[TYLKO U NAS] Ta pielęgnacja drzew“ przypomina prawdziwą masakrę. Zarząd Zieleni i burmistrz Ursynowa milczą!

Dziś mija dokładnie trzeci dzień odkąd portal Zjednoczeni dla Zwierząt opisał skandaliczną sprawę wycinki drzew, która  jest robiona poza standardami i kontrolą czegokolwiek. Zresztą pielęgnacja drzew w Warszawie zostawia wiele do życzenia. Jak na razie tylko jeden ursynowski tytuł pochylił się nad sprawą i ani Robert Kempa, burmistrz Ursynowa, ani Zarząd Zieleni nie reagują. Nie reagują też zieloni warszawscy miejscy aktywiści. Czy w Warszawie nastała już anarchia? Oddajmy głos portalowi, który opisuje całą historię.

Bez specjalistycznego wyposażenia i wbrew zgody mieszkańców

Trwająca przez dwa dni tj. 27.01 i 28.01.2025r. „pielęgnacja drzew“ na warszawskim Ursynowie tuż przy samym metrze Ursynów przypomina prawdziwą masakrę. Otóż jest taka spółdzielnia mieszkaniowa Koński Jar – Nutki – pisaliśmy już o poczynaniach owej w maju 2024r. kiedy to w sezonie lęgowym zorganizowano na jej terenie wycinkę drzew. Wtedy stała się naprawdę sławna. Choć od wielu lat jej działania na rzecz natury i przyrody to jakaś fikcja. Np. koszenie trawników w listopadzie/grudniu, zimowe grabienie tak żeby absolutnie żadna forma życia się nie uchowała i nic nie przetrwało, a wyłącznie zostało zniszczone i było martwe . Obecnie spółdzielnia kolejny raz śmieje się ze swoich mieszkańców zamieniając ich życie w piekło. Kpi sobie z nich, a oni nieświadomie bez żadnych wcześniejszych ustaleń płacą za jej niekompetencje, a zamiast konsultacji stawia się ich przed faktem dokonanym. Bo usługi firmy trzeba sfinansować, a przecież tego nie robi spółdzielnia ze swojej kieszeni, tylko z kieszeni mieszkańców. Nie wiadomo również ile owe prace kosztują, ale z pewnością niemało.

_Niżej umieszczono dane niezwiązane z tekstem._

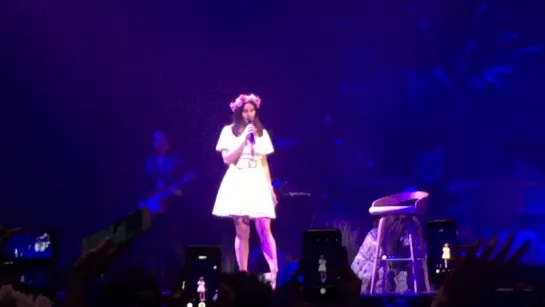 Lana Del Rey – Get Free (Live @ «LA To The Moon Tour»: «Palacio Vistalegre»)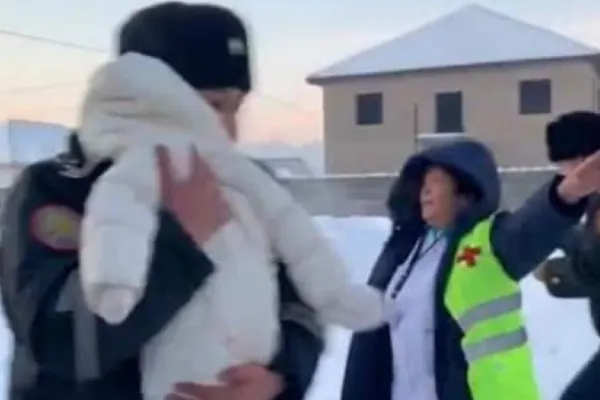 MIRACOL de Crăciun. Un bebeluș a fost scos nevătămat din accidentul cumplit de AVION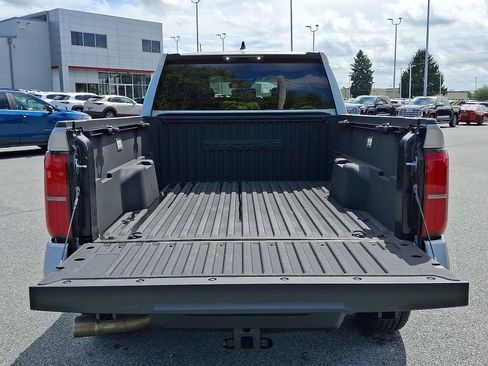 Certified 2025 Toyota Tacoma SR5 AWD/4WD image 29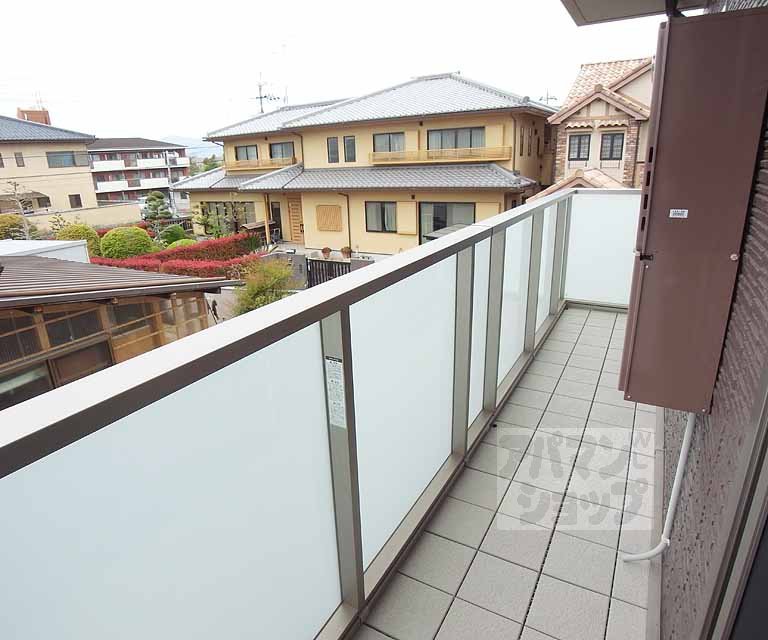 バルコニー　洋室側のバルコニー。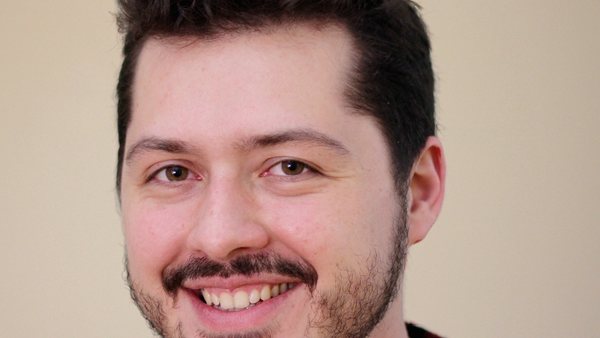 Adriano Jose Reis Martins - Automóveis - Atila Iamarino explica por que o carro elétrico vai ficar mais barato que o a combustão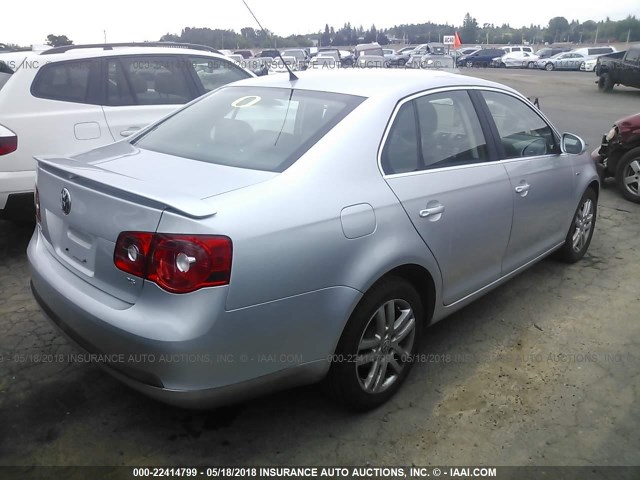 3VWEF71K97M073532 - 2007 VOLKSWAGEN JETTA WOLFSBURG 银色 照片 4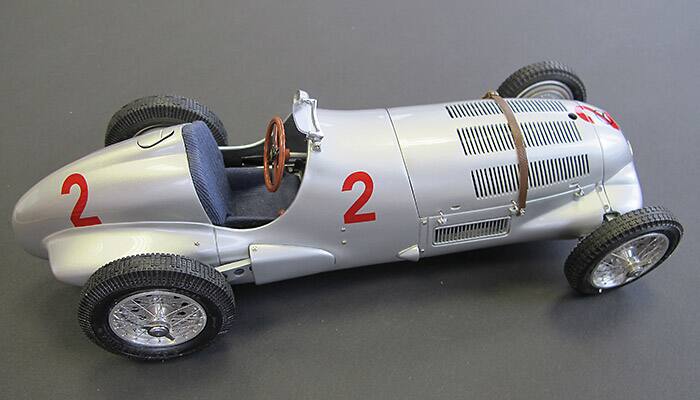 Front. CMC - Mercedes W125 #2 Hermann Lang 1937 GP Donington Limited to 1000pc Worldwide 1/18 Diecast Model Car by CMC.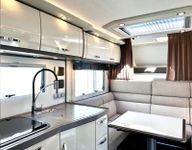 Phoenix MaXi-Alkoven 8300 LX -Festtank WC (14/19)
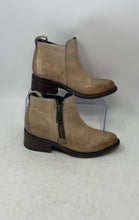 Load image into Gallery viewer, DW Womens Light Brown Leather Side Zip Block Heel Ankle Booties Size 5
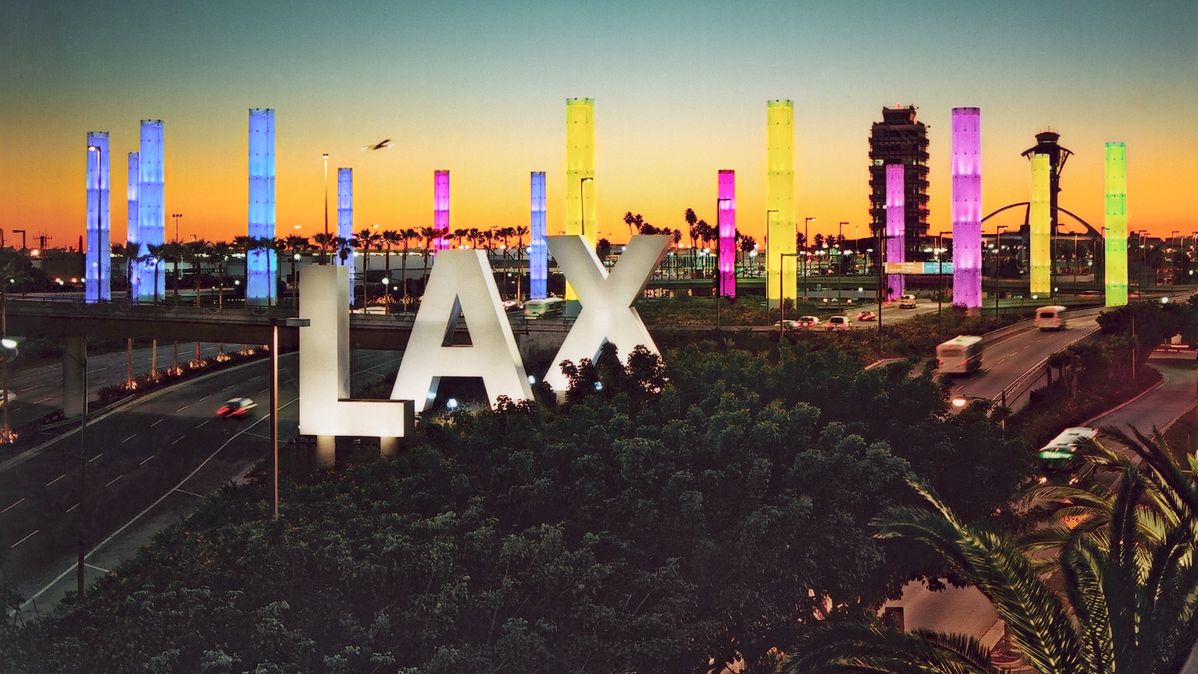 LAX plans 140% hike on surcharge for taxis, Uber, Lyft 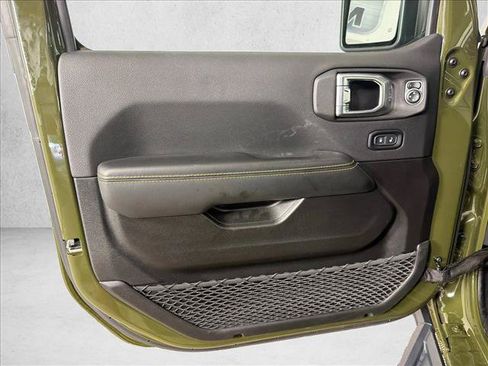 Used 2024 Jeep Wrangler Unlimited Sahara AWD/4WD image 10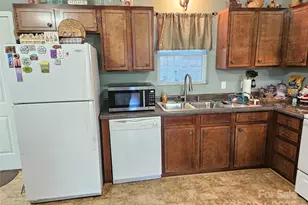 951 Cypress Ct NW, Lenoir, NC 28645 - Photo 5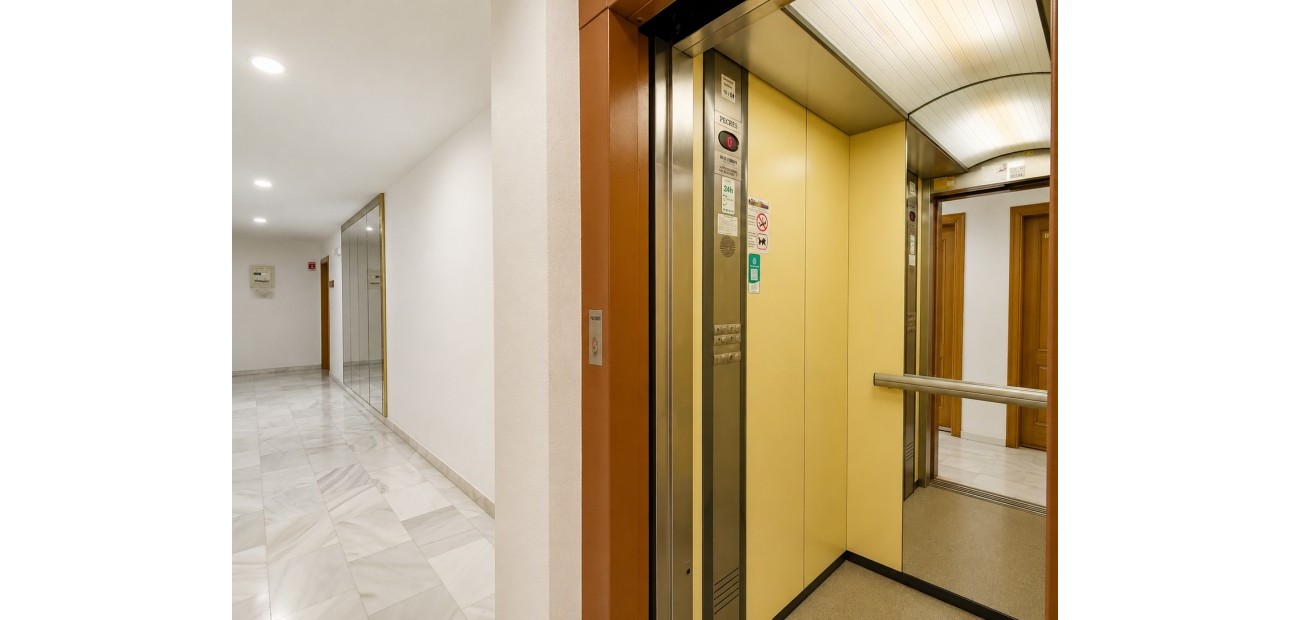 Herverkoop - Appartement / flat -
Torrevieja - Playa Del Cura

Zaczęło się od rzekomej potrzeby przycięcia gałęzi drzew od strony parkingu przy bloku przy ul. Koński Jar 4. Na drzwiach klatek pojawiły się kartki o tym informujące. Skończyło się na oszpeceniu i przycięciu ogromnych konarów i gałęzi drzew, które w 90 % były zdrowe…do tego drzewa przycinane nie były wcale tylko od strony parkingu i nie tylko przy ww. bloku, ale również wszędzie tam gdzie zamarzyło się to pracownikom spółdzielni. Na ich słowne polecenia panowie z firmy chętnie wskakiwali do kosza podnośnika i łapali za piłę mechaniczną, którą machali na prawo i lewo. W imię zasady lepiej więcej niż mniej. Zostały tylko grube kikuty okaleczonych na zawsze drzew, z których nie wyrosną już liście, bo gałęzie, na których wyrastały zostały wycięte. Firma działała na zlecenie spółdzielni, a konkretnie tzw. ekspertów ds. zieleni czyli działu technicznego. Jeżeli chodzi o temat pielęgnacji zieleni w tym miejscu to jest to równoznaczne z pozbywaniem się jej. (…)  Pracownicy nie posiadali żadnego specjalistycznego wyposażenia, a tam gdzie były wykonywane prace nie zawisła nawet taśma, aby odgrodzić teren, na którym odbywały się niebezpieczne czynności. Samochody ani pracownicy nie mieli żadnych oznaczeń, ani nazwy firmy, było to skrzętnie ukrywane.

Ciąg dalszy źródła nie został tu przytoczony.